• Problem requirements: Images are not wanted; transcribe the rest of the listing exactly.

• Supplied data:
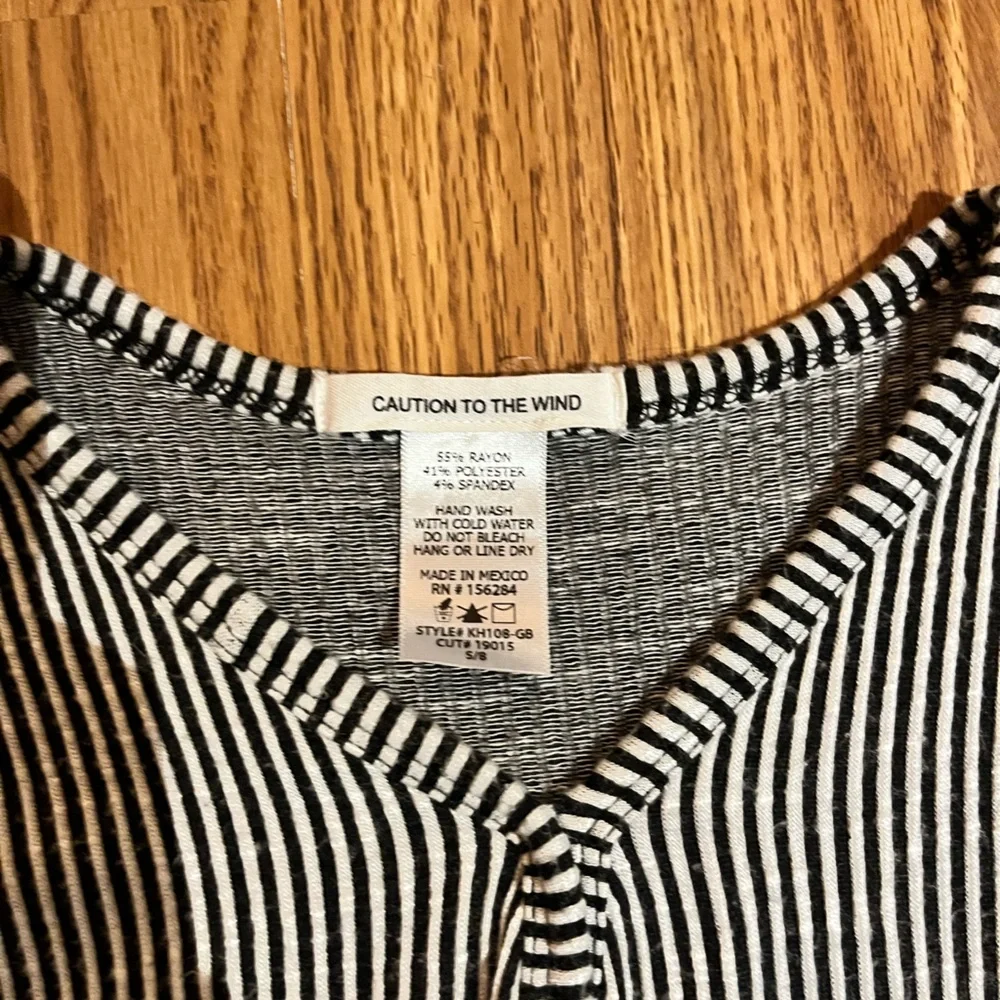Caution to the Wind Girls Size Small(8) Short Sleeve Dress - Picture 2 of 2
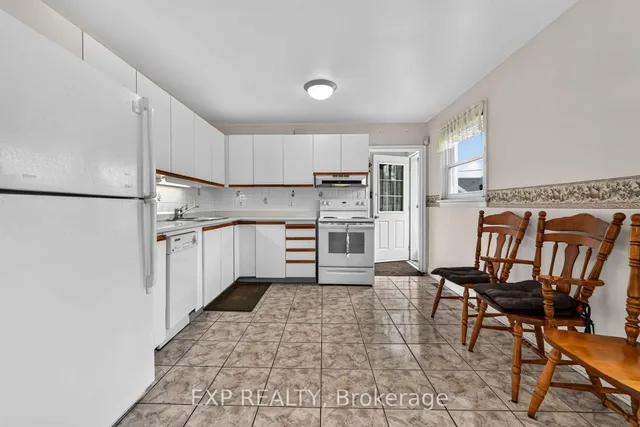 1613 Queensdale Ave, Ottawa 5
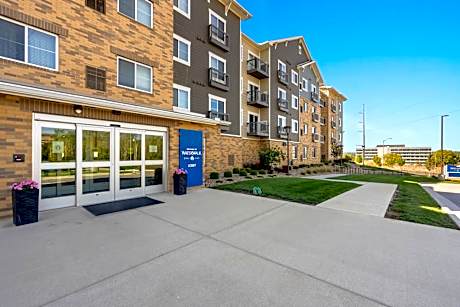 WaterWalk Extended Stay by Wyndham Kansas City - Overland Pk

• Solution:
Caution to the Wind Girls Size Small(8) Short Sleeve Dress - Picture 2 of 2
 1613 Queensdale Ave, Ottawa 5
 WaterWalk Extended Stay by Wyndham Kansas City - Overland Pk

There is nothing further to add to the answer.